Continuous Integration

Using kOps’ declarative manifests it is possible to create and manage clusters entirely in a CI environment. Rather than using kops create cluster and kops edit cluster, the cluster and instance group manifests can be stored in version control. This allows cluster changes to be made through reviewable commits rather than on a local workstation. This is ideal for larger teams in order to avoid possible collisions from simultaneous changes being made. It also provides an audit trail, consistent environment, and centralized view for any kOps commands being ran.

Running kOps in a CI environment can also be useful for upgrading kOps. Simply download a newer version in the CI environment and run a new pipeline. This will allow any changes to be reviewed prior to being applied. This strategy can be extended to sequentially upgrade kOps on multiple clusters, allowing changes to be tested on non-production environments first.

This page provides examples for managing kOps clusters in CI environments. The Manifest documentation describes how to create the YAML manifest files locally and includes high level examples of commands described below.

If you have a solution for a different CI platform or deployment strategy, feel free to open a Pull Request!

GitLab CI

GitLab CI is built into GitLab and allows commits to trigger CI pipelines.

Requirements

  • The GitLab runners that run the jobs need the appropriate permissions to invoke the kOps commands. For clusters in AWS this means providing AWS IAM credentials either with IAM User Keys set as secret variables in the project, or having the runner run on an EC2 instance with an instance profile attached.

Example Workflow

  1. A cluster administrator makes a change to a cluster manifest, commits and pushes to a feature branch on GitLab and opens a Merge Request
  2. A reviewer reviews the change to confirm it is as intended, and approves or merges the MR
  3. A “master” pipeline is triggered from this merge commit which runs a kops update cluster.
  4. The administrator reviews the output of the dryrun job to confirm the desired changes and initiates the update job which runs kops update cluster --yes.
  5. Once the cluster is updated, kops rolling-update cluster is ran which can be used to confirm any nodes that need replacement. The administrator then starts the roll job which runs kops rolling-update cluster --yes and replaces any nodes as necessary.
  1. # .gitlab-ci.yml
  2. stages:
  3. - dryrun
  4. - update
  5. - roll
  6. variables:
  7. KOPS_CLUSTER_NAME: ...
  8. KOPS_STATE_STORE: ...
  9. dryrun:
  10. stage: dryrun
  11. only:
  12. - master@namespace/project_name
  13. script:
  14. - kops replace --force -f cluster.yml
  15. - kops update cluster
  16. update:
  17. stage: update
  18. only:
  19. - master@namespace/project_name
  20. when: manual
  21. script:
  22. - kops update cluster --yes
  23. - kops rolling-update cluster
  24. roll:
  25. stage: roll
  26. only:
  27. - master@namespace/project_name
  28. when: manual
  29. script:
  30. - kops rolling-update cluster --yes

Considerations

  • The only: field in each job will need to be updated to reflect the real project’s namespace and name.
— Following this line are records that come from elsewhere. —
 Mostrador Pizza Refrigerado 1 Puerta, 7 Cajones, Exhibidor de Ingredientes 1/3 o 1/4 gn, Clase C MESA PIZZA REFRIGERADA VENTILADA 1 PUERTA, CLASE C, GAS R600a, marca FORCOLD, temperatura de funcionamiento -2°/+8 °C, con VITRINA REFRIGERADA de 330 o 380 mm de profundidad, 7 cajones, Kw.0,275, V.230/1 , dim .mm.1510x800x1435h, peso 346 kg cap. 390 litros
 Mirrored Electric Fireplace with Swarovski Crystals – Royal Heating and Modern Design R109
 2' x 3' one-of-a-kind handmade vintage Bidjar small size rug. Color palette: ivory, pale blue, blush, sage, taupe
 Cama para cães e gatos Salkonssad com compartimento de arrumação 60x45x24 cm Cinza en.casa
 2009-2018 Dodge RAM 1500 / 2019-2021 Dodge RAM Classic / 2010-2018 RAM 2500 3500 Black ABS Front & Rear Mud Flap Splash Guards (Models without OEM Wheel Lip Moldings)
The two variables will also need to be set to real values.
  • The jobs that make actual changes to the clusters are manually invoked (when: manual) though this could easily be removed to make them automatic.
  • This pipeline setup will create and update existing clusters in place. It does not perform a “blue/green” deployment of multiple clusters.
  • The pipeline can be extended to support multiple clusters by making separate jobs per cluster for each stage. Ensure the KOPS_CLUSTER_NAME variable is set correctly for each set of jobs.
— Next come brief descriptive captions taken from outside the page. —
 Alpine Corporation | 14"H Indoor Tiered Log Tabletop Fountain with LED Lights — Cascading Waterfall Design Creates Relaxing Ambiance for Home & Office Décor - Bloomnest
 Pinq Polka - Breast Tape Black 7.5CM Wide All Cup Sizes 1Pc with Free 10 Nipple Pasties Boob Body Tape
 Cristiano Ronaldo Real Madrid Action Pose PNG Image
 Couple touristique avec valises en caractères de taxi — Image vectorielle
In this case, it is possible to use kops toolbox template to manage one YAML template and per-cluster values files with which to render the template. See the Cluster Template documentation for more information. kops toolbox template would then be ran before kops replace.

Limitations

  • This pipeline does not have a true “dryrun” job that can be ran on non-master branches, for example before a merge request is merged. This is because the required kops replace before the kops update cluster will update the live assets in the state store which could impact newly launched nodes that download these assets. PR #6465 added support for copying the state store to a local filesystem prior to kops replace, allowing the dryrun pipeline to be completely isolated from the live state store. For example, run aws s3 sync "$KOPS_STATE_STORE"/"$CLUSTER_NAME" /some/local/path/"$CLUSTER_NAME" --exclude '*backups/*' --quiet first, then pass --state /some/local/path to kops replace and kops update cluster.